I’ve never been one of those people to make new life resolutions in the New Year, and I’m not going to do it this time either. My goal for 2026 is to stay alive and healthy. Be careful, in this formula, the kick is important, as you know. We want the rendezvous with death to catch us alive, that is, to enjoy the many wonderful things of existence and fight the bad guys at the same time, without truce or quarter. Gallop, gallop, until they bury them in the sea, right?
We are currently going through the winter solstice, the most difficult time of the year, when the days are shorter and the cold more intense. But our wise Roman ancestors already celebrated these dates, which they called Saturnalia, as the beginning of the return of the Unconquered Sun. Yes, my friends, these days, the darkest of the year, mark the birth of a new period of light.
It is significant that some of the most vitalist writers in human history suffered from chronic illnesses. Perhaps it was their illness that made them place an exceptional value on existence; like so many cancer survivors, we now joyfully enjoy waking up to a new day.
This was the case of Nietzsche, who wrote The Gay Science “in the language of a thawing wind”, insisting from the prologue on “the victory obtained over winter, this victory which is coming, which must come, which has perhaps come…”. And this was also the case for Albert Camus who, in Return to Tipasa, expressed this wonder: “In the middle of winter, I learned that an invincible summer lives within me. »
Yes, Javier, but these are difficult times for poetry, don’t forget that, some of you will tell me. I don’t forget it, no. I am well aware that obscurantism and barbarism are very fashionable at the start of the second quarter of the 21st century. That they triumph on both sides of the Atlantic by proposing to the masses the law of the strongest as an alternative to the ideals of liberty, equality and fraternity of 1789. That the Enlightenment of the Enlightenment has died out in recent decades, replaced by the brilliance of senseless videos on Tik-Tok. This is all true and you and I suffer from it. But who said that the game was over, that this freezing winter would last forever?

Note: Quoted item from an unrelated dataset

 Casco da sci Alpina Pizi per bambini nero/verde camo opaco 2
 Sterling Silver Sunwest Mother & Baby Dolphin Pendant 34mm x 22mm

I remind you that this first day of the year 2026 is also the day of the inauguration of Zohran Mamdani as mayor of New York, one of the most important metropolises on the planet. I think that the fact that a young immigrant of Muslim origin and socialist ideals won the local elections in the Big Apple is one of those very good news stories for the year 2025 that Isaac Rosa spoke about here. What if we took it as the beginning of the return of the Unconquered Sun, as a successful example that, if we Enlightenment people do it right, we could experience a new spring?
I am not a Leninist, I am a libertarian and federalist. I do not believe that relevant and lasting changes are made from the top down, but on the contrary from the bottom up. In the heart of this cold winter, I feel that the reconquest of cultural and political hegemony by progressives must begin in the cities. Let us make the districts of the metropolis and the cities of the regions bastions of resistance to barbarism. And from there we grow. Forget the assault on the Tsars’ Winter Palace, which ended badly. Why not explore Mamdani’s new path? From local to universal.